Work with your pastor, too, to fit the songs with the weekly worship themes or scriptures so that you can give the songs more context.

And then maybe keep looking for diverse sources for pieces, including composers like Sydney Guillaume (Haitian-American) and the women published by Hildegard. Because while African American composer /= spiritual, necessarily, supporting and encouraging the work of these composers and musicians is a way to let them (and their art) speak for themselves.

Spirituals Project -- whoa, a TON of stuff here. Like this one.
Choralnet discussion
Curious UU (isn't that kind of redundant?)
Women in Theology
WQXR show on African American choral composers
VocalEssence WITNESS project and list of WITNESS repertoire (these guys are from Minnesota, which doesn't get much whiter)
posted by St. Hubbins at 3:03 PM on October 29, 2015 [3 favorites]

Just a note to say that MLK Day is coming up, and in our lovely hometown, the City-County Observance includes an MLK Community Choir that anyone can join. Absolutely anyone -- no audition or registration required. All they have to do is show up at two rehearsals. It's led by the aforementioned Leotha Stanley.
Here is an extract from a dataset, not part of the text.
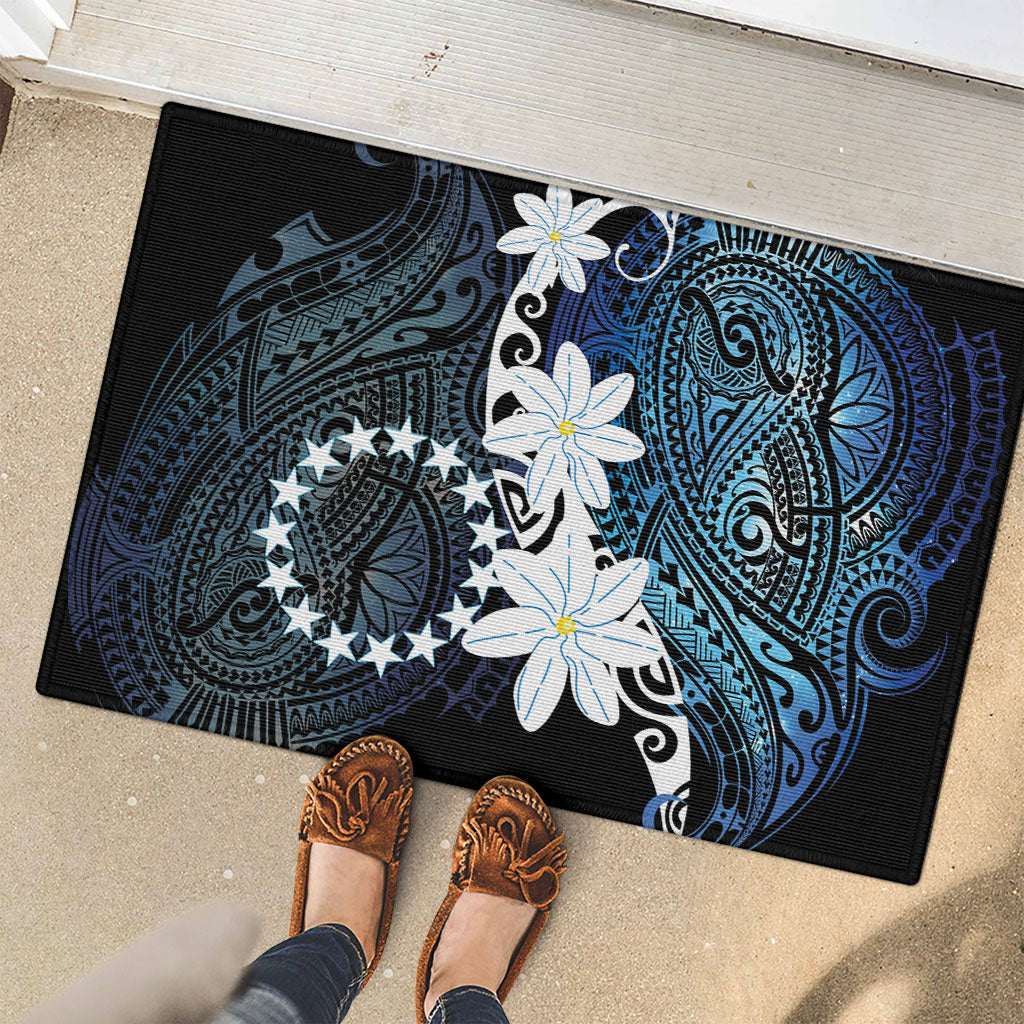 Cook Islands Maori Language Week Rubber Doormat Tiare Maori Kuki Airani Blue Pattern LT22 - Polynesian Pride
So if you're looking to encourage your choir members (or yourself) to get involved and immerse yourself in spirituals without feeling out of place, this is a nice opportunity.

(With respect to the discussion above of idealizing the MLK era, that's certainly true, but I think these events tend to focus on current events a lot and encourage participation in social justice from all corners.)

I would have sent you this in a PM, but I thought there might be a chance that other places around the country could have things like this going on, so I put it out there to get on the radar of other folks as well.